Heat treat depth doesn't sound right. Let me look through my books and see what I come up with.
Heat treat may be involved, but I doubt it's from grinding off the hard surface metal - that's typically case hardening, which provides a wear surface, not strength. Hard metal is more brittle, which means it's more prone to cracking, which is what fatigue is (gradual crack growth with cyclical loading).
All of that could be determined with lab work. But, it'd cost more than a new crank. No doubt Callias has done that by now in order to know what to fix. Getting them to tell you what it was - that's a different story.
You know how the corp world is, they will skate around the real answer to pacify a person hoping they will just go away, that's why i'm not to excited about them offering anything if for whatever reason the crank itself was to blame...how often do you really hear of companies standing behind their product weather it's $1 or $1M...it happens in rare cases, but not often enough we as consumers are truely offended when they tell us to f... off...but at this point, or at leat until tomorrow morning i dont want to speculate anything, way to easy to get worked up over unknowns and the situation is still what it is.

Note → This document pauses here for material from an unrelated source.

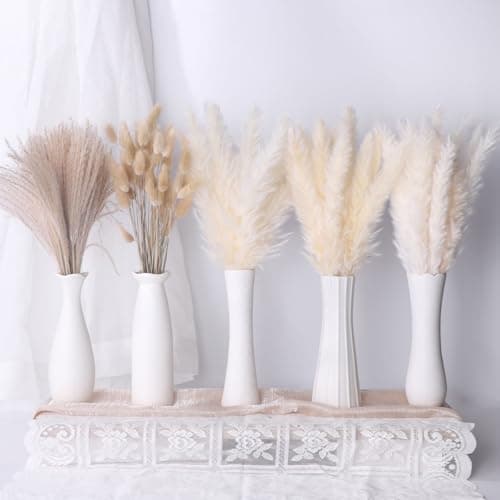 Colorful Pampas Grass Decor – White Dried Arrangements for Weddings, Baby Showers, and Home Decor. 17” Centerpiece (No Vase). - Image 1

I've learned one thing though, the harder the part, the more violent the xplosion...almost makes me want to go back to a cast deal since that just simply bends and breaks with no drama....the sound this thing made sunday and the way it shook the car, it honestly stunned me for a split ssecond, i did'nt know WTF just happened it was so violent, and to be honest, the fact the timing pointer is still in place along with the water pump and everything else around it...just one of those weird deals since in the past those were all victims along with everything inside the engine...
... to be honest, the fact the timing pointer is still in place along with the water pump and everything else around it...just one of those weird deals since in the past those were all victims along with everything inside the engine...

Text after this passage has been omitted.